PDF and similar file formats represent pages exactly as printed. But they represent whole documents differently than a sequence of pages. Operations like merging several documents into one or dividing one into several with some pages are trivial with printed documents, but commonly used software does not support them (except for printing some pages).

Documents are not the only structure causing problems unknown in printed media – pages also lead to difficulties. For books small pages with text are put on larger pages to be printed, binded and cut. Therefore, a document has both logical and physical pages, which are different in large documents (reading a two column article on a screen where only a part of page’s height is visible looks similar to this problem). Also, at least some software for merging logical pages into a physical one tries to render documents in device-dependent ways – making the document unsuitable for viewing on screen, printing, or both.

Another problem with physical pages of many logical pages is that the user may prefer other combinations. For example, a document with two A4 pages on one physical page is not suitable for users with printers supporting only A4 (if the document contains text, it will be much smaller then expected). Of course, even with a single page there are problems with page scaling. Americans use Letter paper while Europeans use A4. Software assumes a mix of these formats which will scale pages and add useless whitespace (or crop out some text). A common, but not too harmful, sign of such problems in uneven margin (A4 and Letter have different widths).

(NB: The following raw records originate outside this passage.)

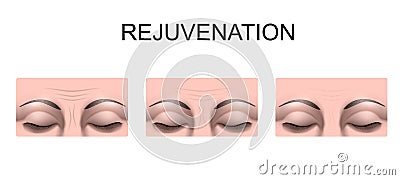 Wrinkles on the forehead. rejuvenation. plastic surgery Vector Illustration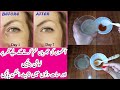 Lotion For Under Eye Wrinkles Removal || How To Remove Under Eye Wrinkles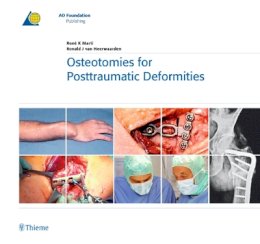 Ronald J. Van Heerwaarden - Osteotomies for Posttraumatic Deformities - 9783131486714 - V9783131486714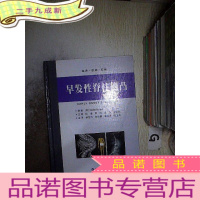 正 九成新早发性脊柱侧凸 .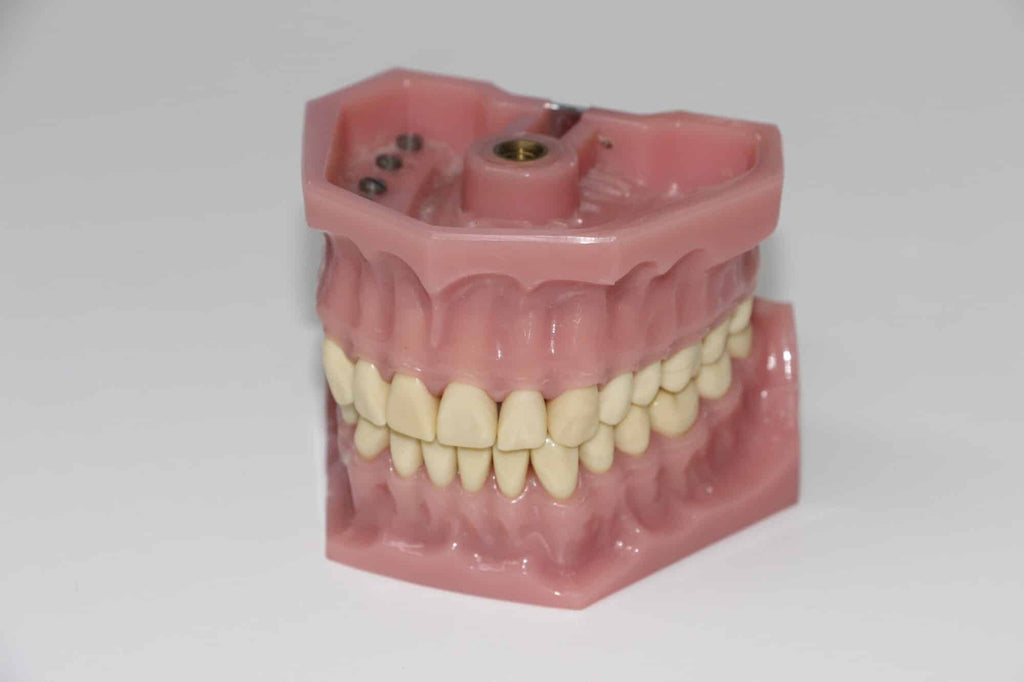 7 Things to Know Before You Order Dentures Online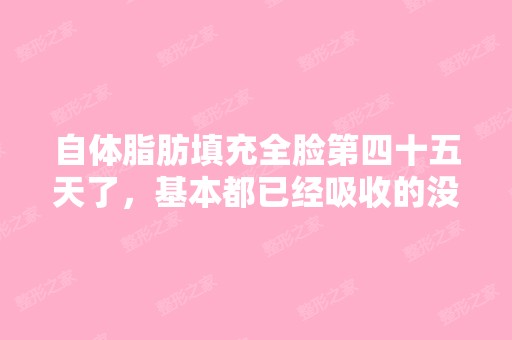 自体脂肪填充全脸第四十五天了，基本都已经吸收的没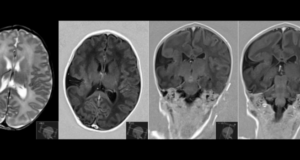 Schizencefalia Schizencefalia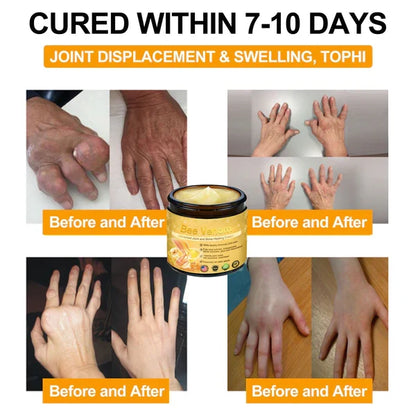 Mayo Clinic recommends👨‍⚕️: Bee Venom Advanced Joint and Bone Healing Cream
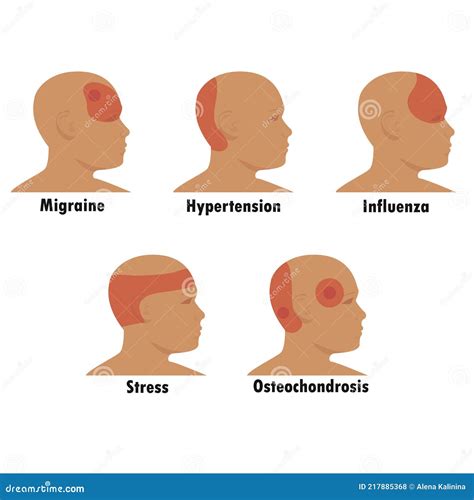 Sections of brain where headaches are from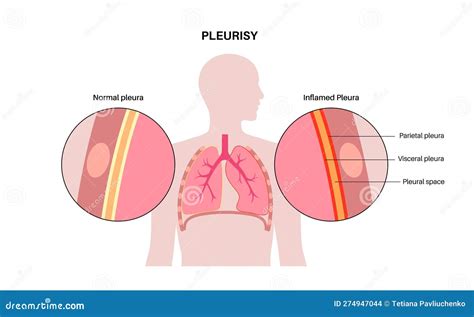 Pleurisy Inflammation Diseases Stock Vector - Illustration of inhale, thoracic: 274947044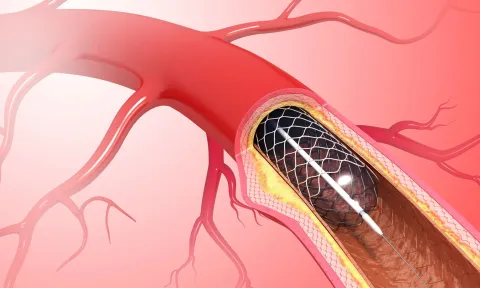 Percutaneous-Coronary-Intervention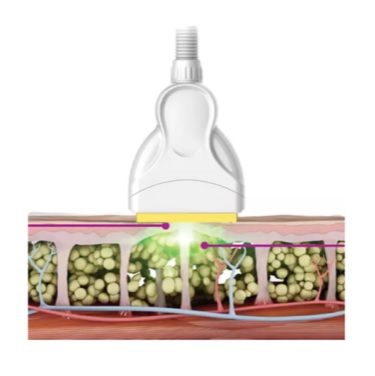 Lasery dermatologiczne HiLite Laser Shape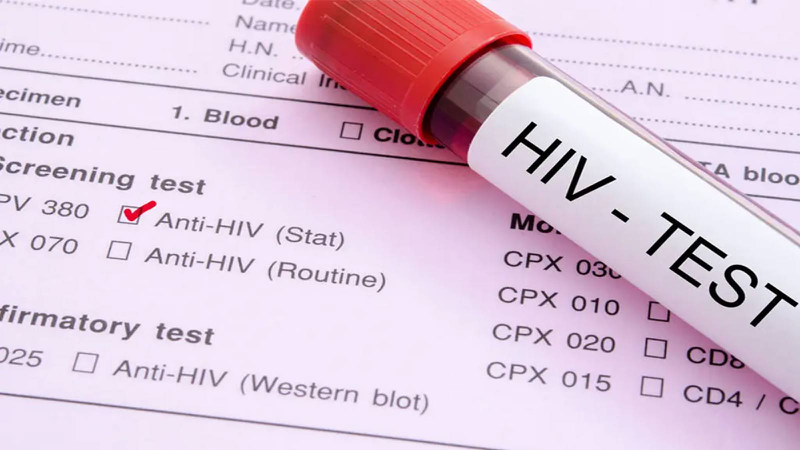 Cần chủ động thăm khám nếu phát hiện các dấu hiệu nghi ngờ mắc HIV 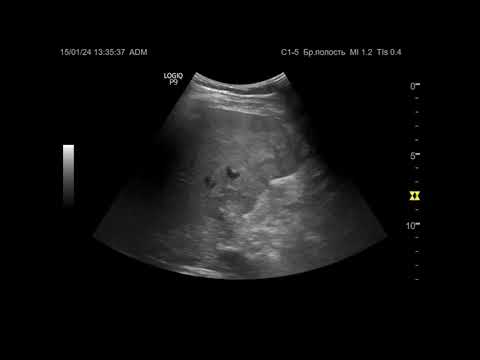 Видео: УЗИ. Доктор Иогансен. Видеопримеры. Выпуск 57. Опухоль поджелудочной железы с метастазами в печени.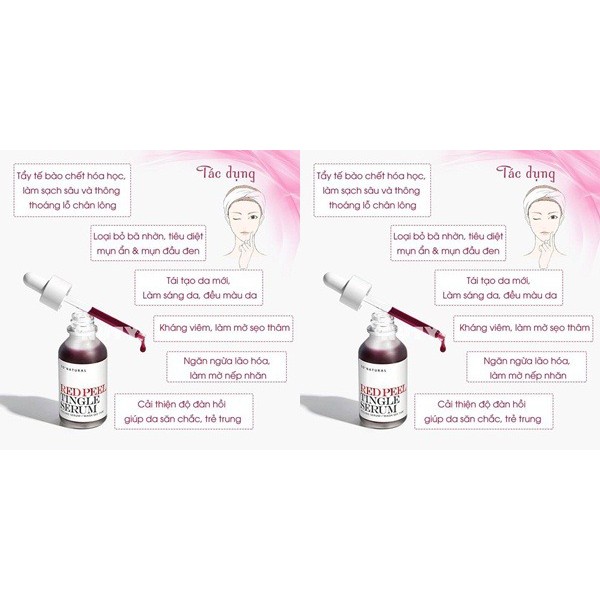 Serum peel da hóa học RED PEEL TINGLE SERUM - PEEL DA KHÔNG BONG TRÓC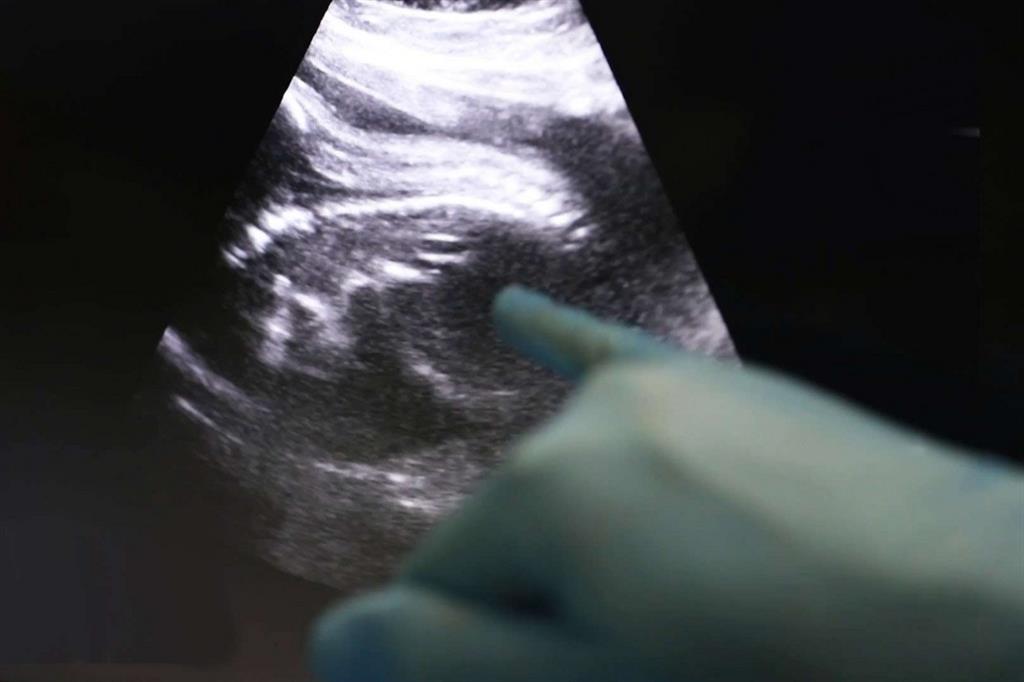 L'ecografia del feto durante l'operazione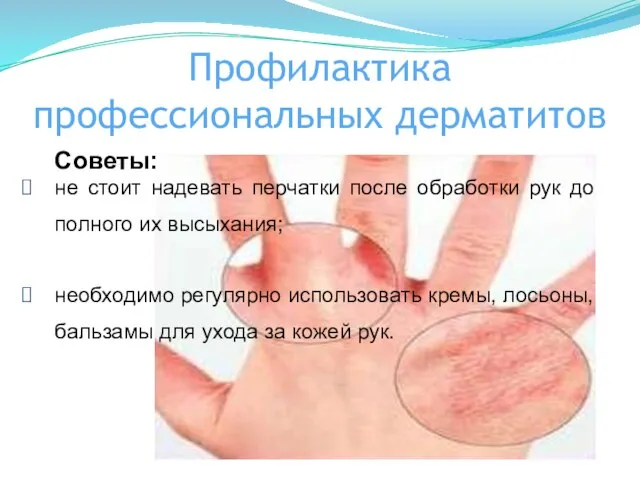 Профилактика профессиональных дерматитов Советы: не стоит надевать перчатки после обработки рук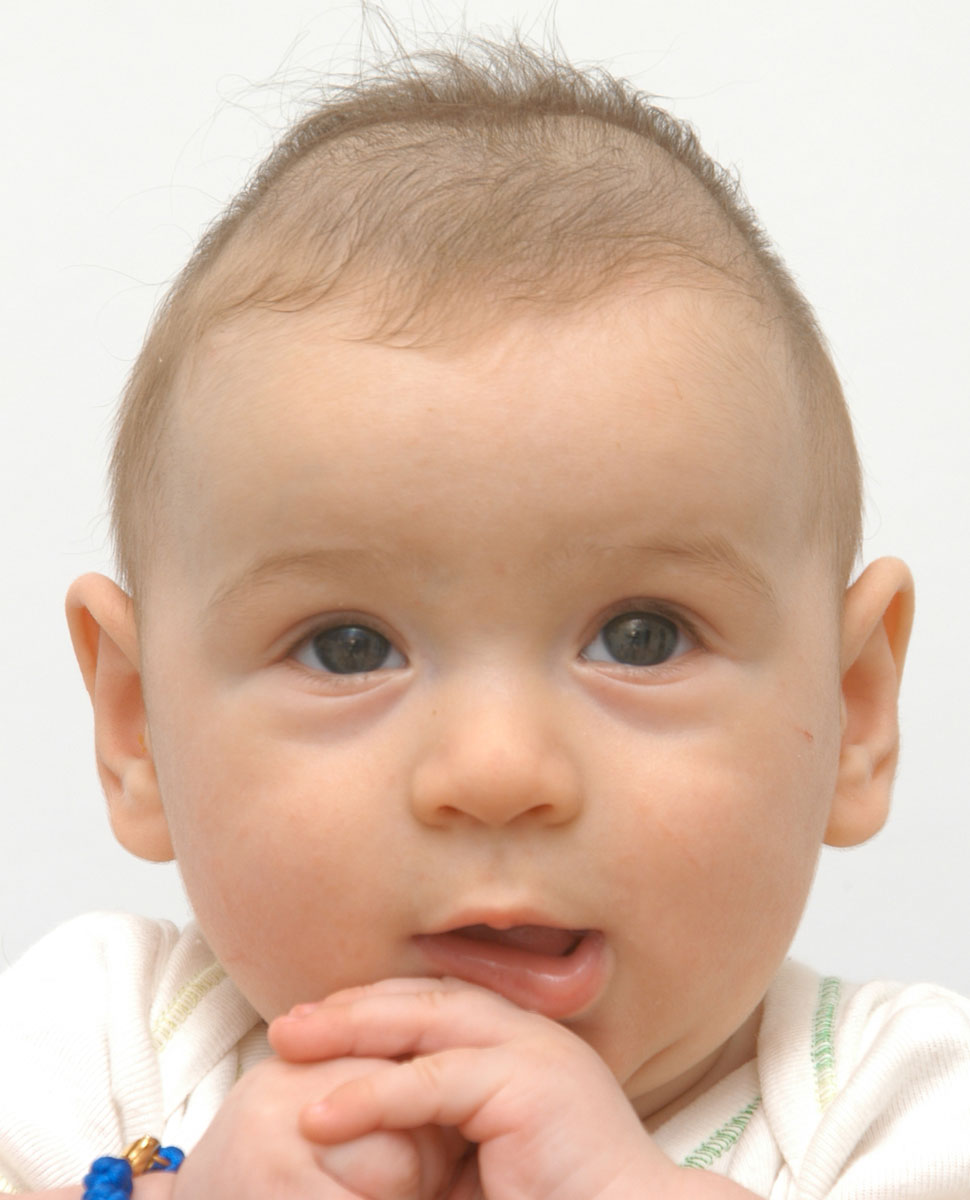 У ребенка выпирает лоб. Краниостеноз тригоноцефалия. Краниосиностоз краниостеноз. Краниостеноз скафоцефалия. Метопический синостоз.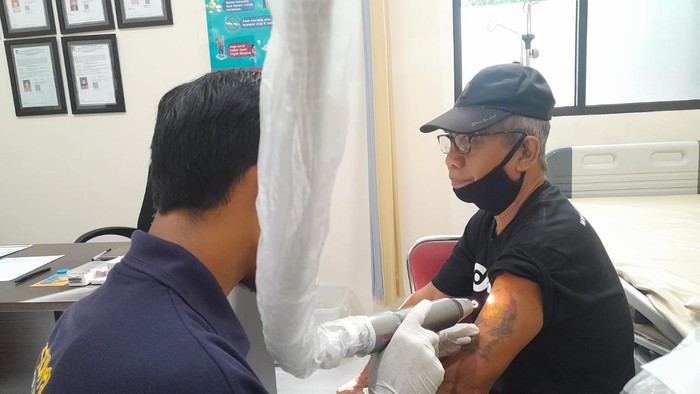 Peserta program hapus tato di Banyuwangi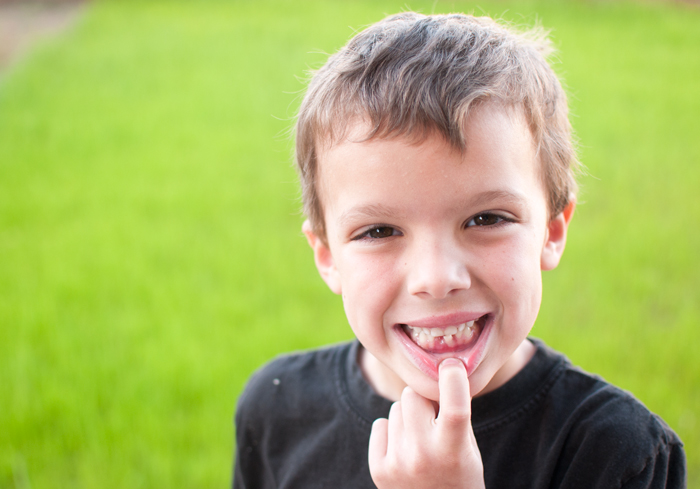 How To Take Pictures of that First Lost Tooth - SnapHappyMom.com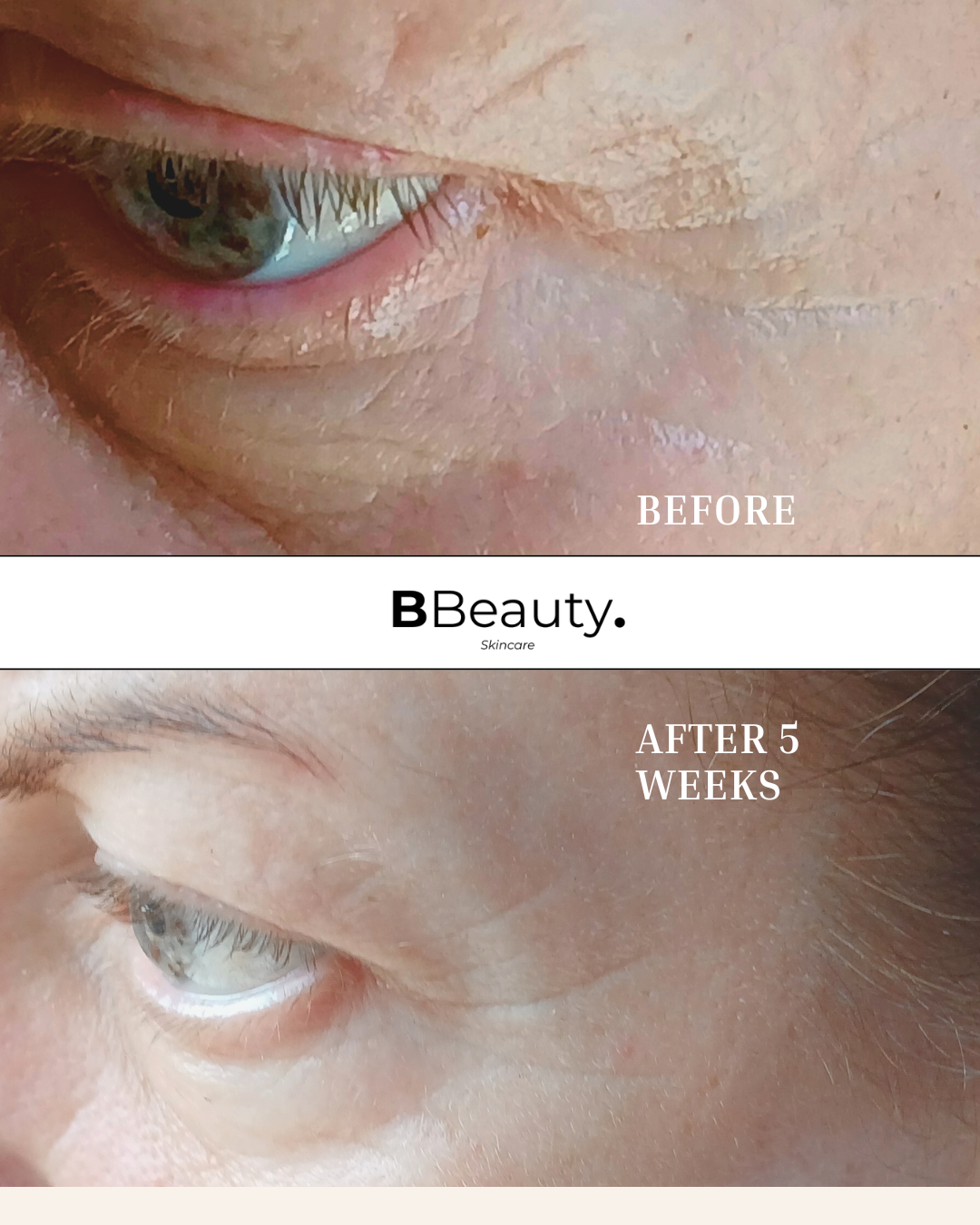 Wrinkle Correct Eye Cream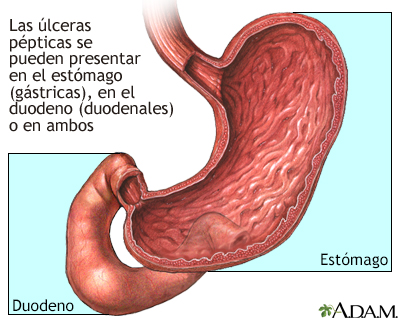 Ubicación de las úlceras pépticas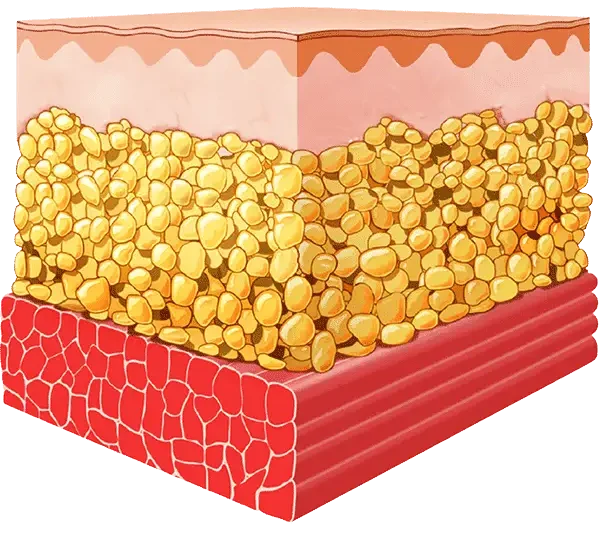 How Emsculpt NYC Works Before Treatment Diagram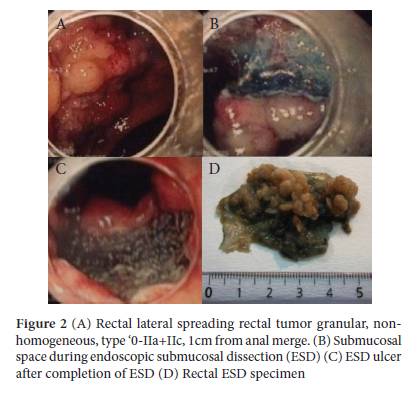 prognosis for stomach cancer inoperable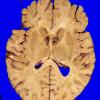 6A4 GBM, thalamus (Case 6) 1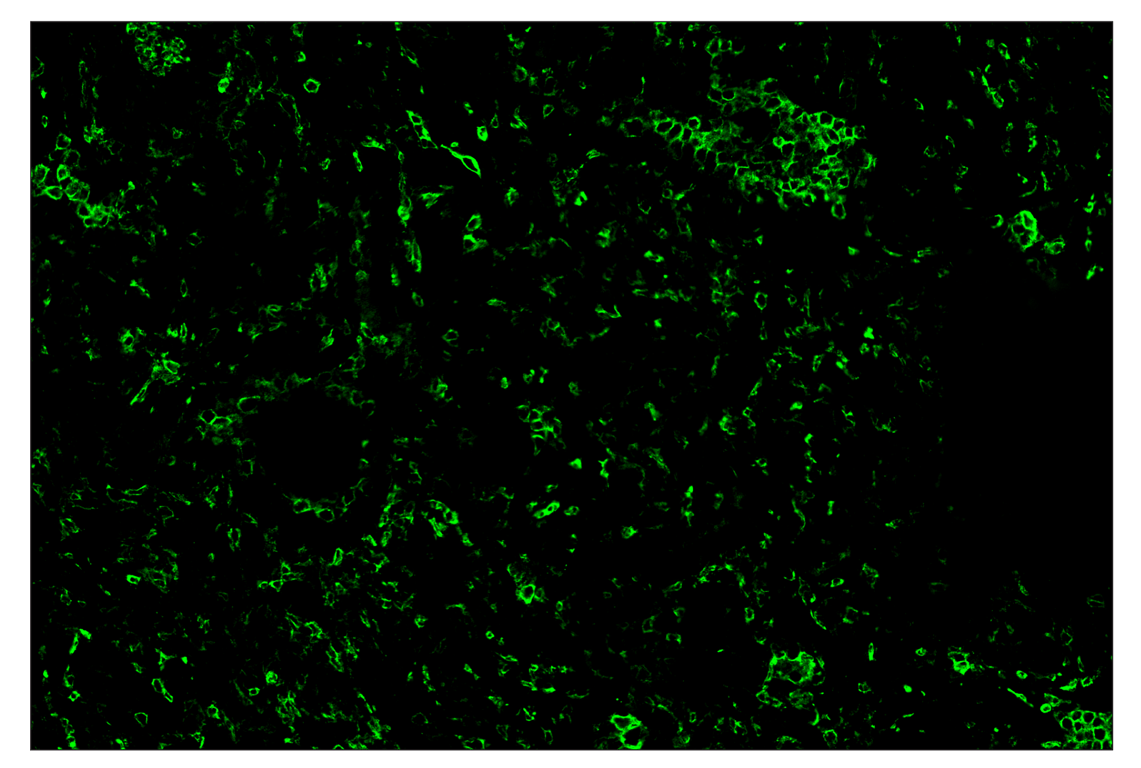 Immunohistochemistry Image 2: CD11b/ITGAM (D6X1N) & CO-0037-750 SignalStar<sup>™</sup> Oligo-Antibody Pair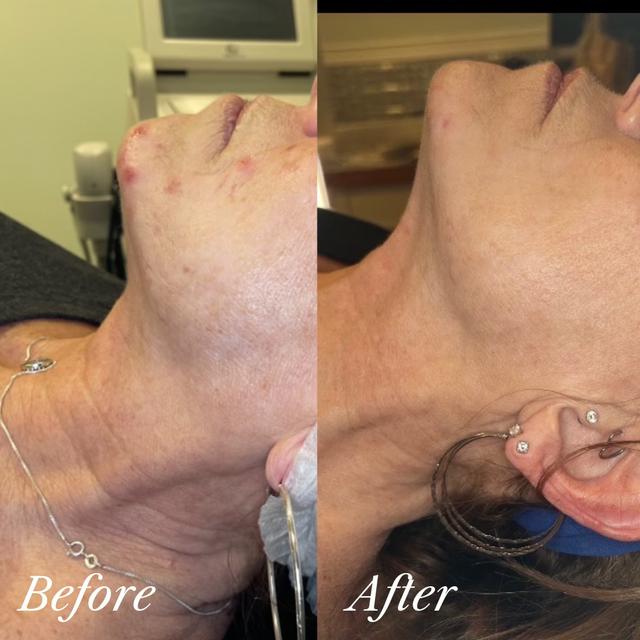 Megan H. - Chin Filler results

The problems with page formats may be solved in two ways – providing the document printed on appropriate paper, or providing PDFs in both formats. Clearly, the second way requires formatting independent of page format, impossible with WYSIWYG software.

There are cases of documents printed, corrected and photocopied for publication (or printed again with new information on the same page). This work could be completely automated with PDFs edited in a programmable way, e.g. using pdfTeX. But this would require changes in the habits of users which could be better spend to avoid using printable documents, since hypertext is better and does not have these problems.